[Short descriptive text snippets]
-=-=-
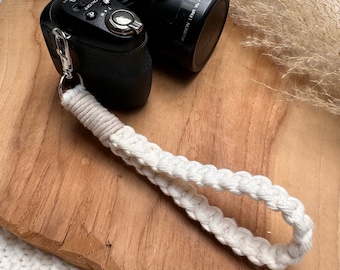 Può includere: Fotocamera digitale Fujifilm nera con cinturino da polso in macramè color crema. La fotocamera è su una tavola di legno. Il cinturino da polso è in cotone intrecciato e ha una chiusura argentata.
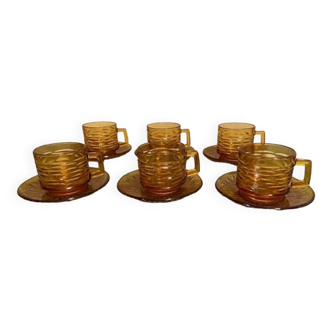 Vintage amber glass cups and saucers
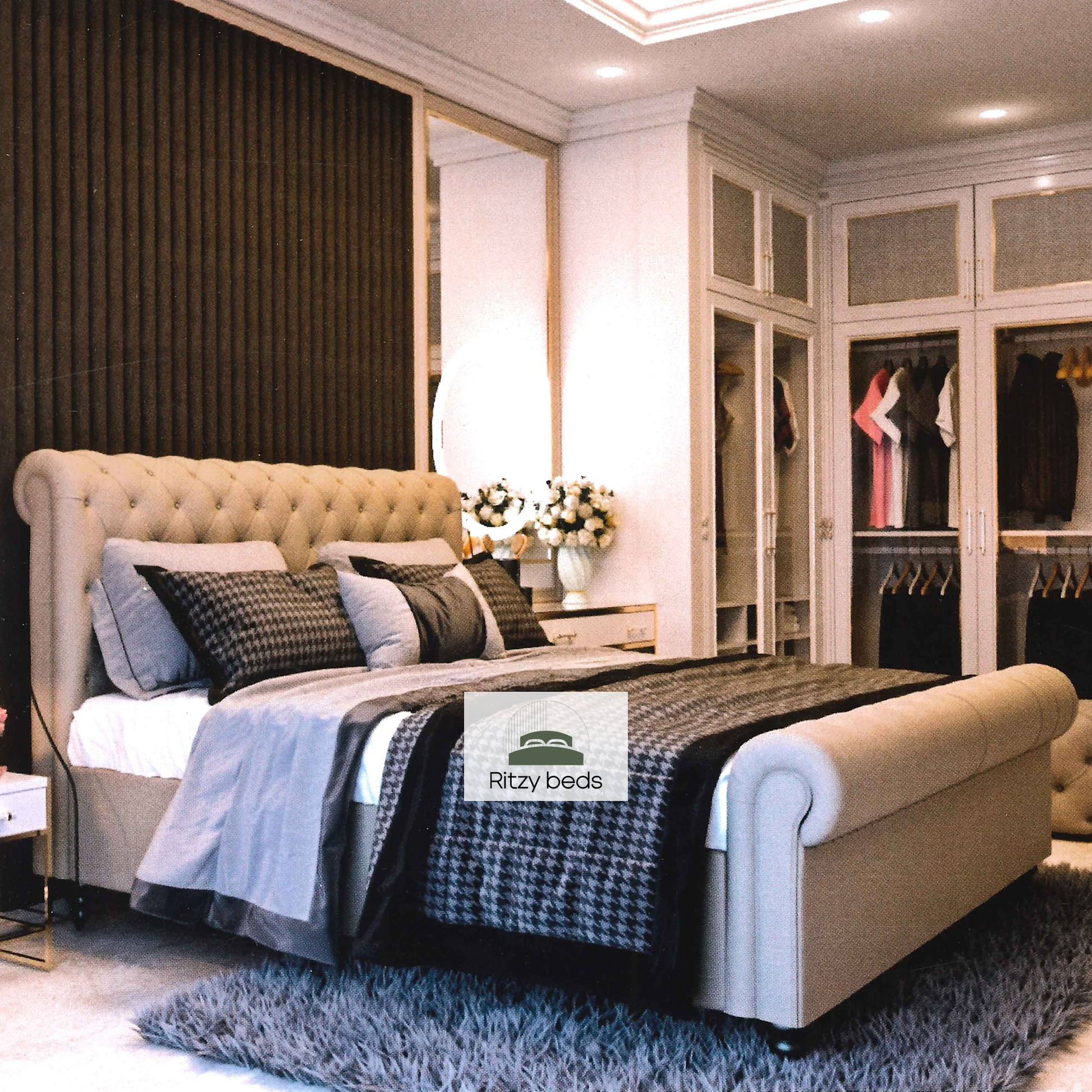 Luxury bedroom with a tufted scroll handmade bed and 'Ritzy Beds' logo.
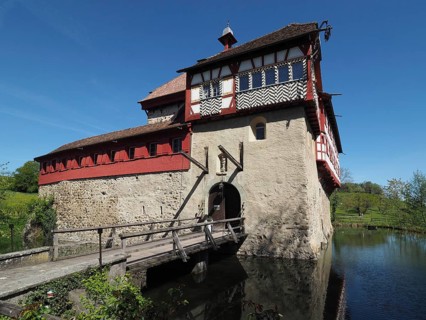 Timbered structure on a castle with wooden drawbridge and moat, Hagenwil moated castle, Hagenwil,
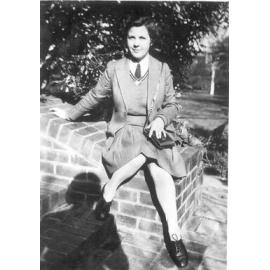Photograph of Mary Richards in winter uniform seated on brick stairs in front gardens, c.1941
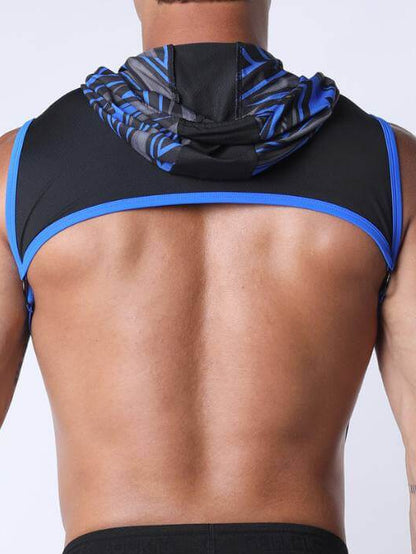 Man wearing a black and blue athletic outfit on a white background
-=-=-
● PROBLEM TO WORK ON:
Leaving out every picture, copy exactly the lines from the one that contains "Photograph of Mary" through the end of the entries above.

● YOUR RESPONSE:
Photograph of Mary Richards in winter uniform seated on brick stairs in front gardens, c.1941
 Man wearing a black and blue athletic outfit on a white background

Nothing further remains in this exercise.